AMD has released a plugin for its FSR 2.2 upscaling technology on Epic Games’ Unreal Engine 5.1 engine, offering better image quality/stability while consuming less resources.
Following AMD’s release of FSR 2.2 source code, Team Red is now focusing on Unreal Engine 5.1 with a new plugin that, among other things, reduces ghosting on animated materials and improve the appearance of animated foliage on games made using UE5.
These benefits should be visible on fast-moving objects, for example, in racing games or when the camera is quickly turned in-game. From personal experience, ghosting tends to be more apparent when a dark object like a car (Need for Speed Heat), a tank (War Thunder), or a weapon (Enlisted) moves in front of a brighter background.
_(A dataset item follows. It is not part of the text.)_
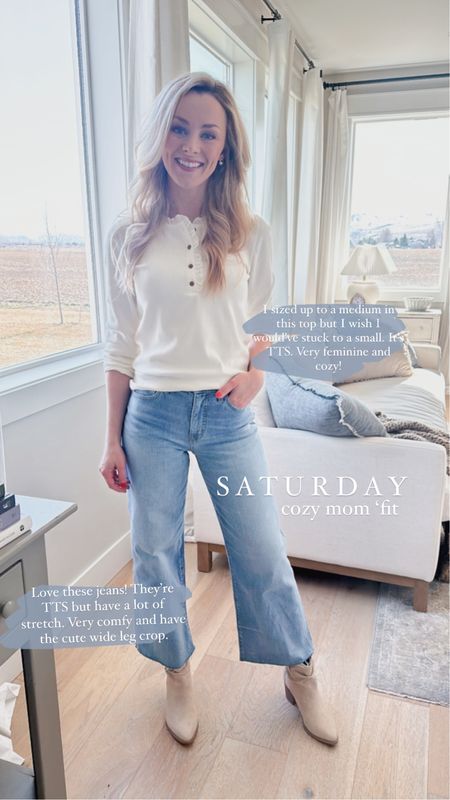 Cozy and feminine Saturday outfit idea. These jeans are SO cozy and flattering! They run true to size but have a lot of stretch. I’m 5’5 120 and ordered a 25 but if I wanted a tighter fit a 24 would’ve been fine because of the stretch. Top is very soft and TTS. I’m wearing a medium but wish I’d ordered a small. They’re on sale today! 

#LTKstyletip #LTKSpringSale #LTKsalealert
This problem is further accentuated by FSR, or temporal antialising, which uses information from prior frames.
FSR 2.2 should also reduce the fizzing artefacts which cause newly visible objects to be less detailed after they appear from behind other objects – a building, for example, giving them a grainy effect.
Unreal Engine FSR 2.2 plugin-specific improvements
In addition to the benefits of earlier versions, FSR 2.2:
- Adds support for Unreal Engine 5.1.
- Includes the general improvements from FSR 2.2 to tackle ghosting.
- Gives improved handling of ghosting for objects with World Position Offsets – more objects with WPO should render velocity by default.
- This improves the appearance of animated foliage – but depends on developer settings.
- Slightly different process to improve ghosting on animated materials.
Finally, AMD is also plans to reveal more FidelityFX features at the Game Developers Conference (GDC) on March 20, possibly showcasing, for the first time, FSR 3.0, which may bring hotly anticipated frame generation to Radeon cards.